There are thousands of young men in London alone at this very moment who are longing to acquire the ease and aplomb of good society.

The desire to rise deserves encouragement.

The desire is worthy of all encouragement. Only those with real good in them can feel it. The men who are destitute of it are those who associate with their inferiors, contentedly accept a low moral standard, adopt a mode of speech and action that is coarse and rough, and finally let themselves down to the frequenting of public-houses and places of amusement, where the entertainment has been carefully planned to suit the uneducated, the low-born, and others whose vitiated taste leads them to dislike what is lovely and of good report, and to revel in the reverse.
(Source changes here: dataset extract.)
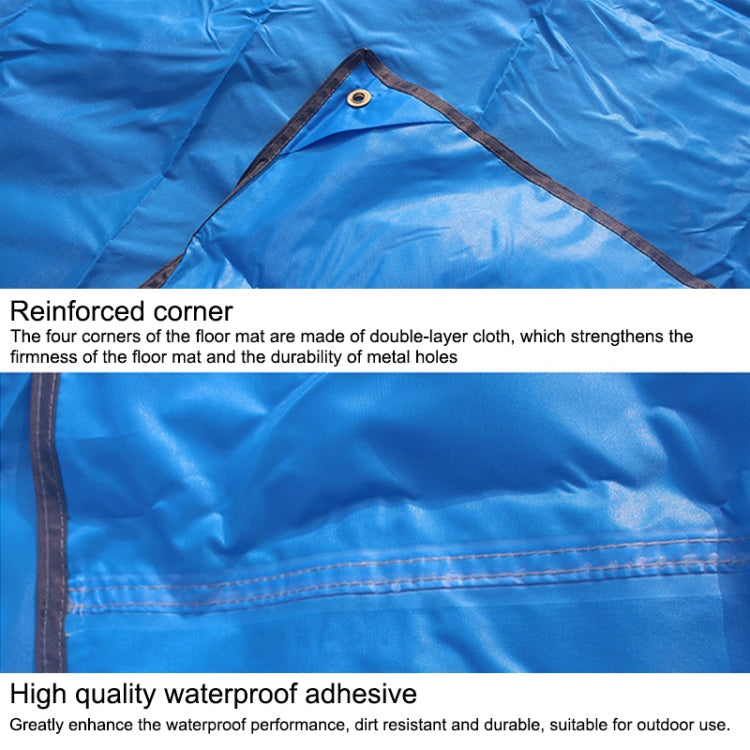 Oxford Canvas Outdoor Camping Picknick Strandmatte, Größe: 240 x 220 cm (Bundeswehrgrün)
But, unfortunately, many a good fellow has been driven to seek companionship with those beneath him by the very difficulty he experiences in getting on in society.

Men to be pitied.

He fancies that his small solecisms are the subject of observation and comment, and he suffers agonies of mauvaise honte.

A word to girls.

Girls often laugh very unkindly at shy youths, when they might find opportunities of acting the good angel to them, and by the exercise of tact screening from observation those failures in good manners which are inevitable to the inexperienced. When he finds himself the butt of a few giggling girls, a young man feels miserably uncomfortable and humiliated, and he vows to himself that he will never again put himself in the way of such annoyance. Consequently he cuts good society, not realising that he would very soon overcome these initial difficulties and feel at home in it.

He must find amusement somewhere. It is only natural to youth to crave it. At first his taste is jarred by those inferior to him, and his fastidiousness offended by their manners.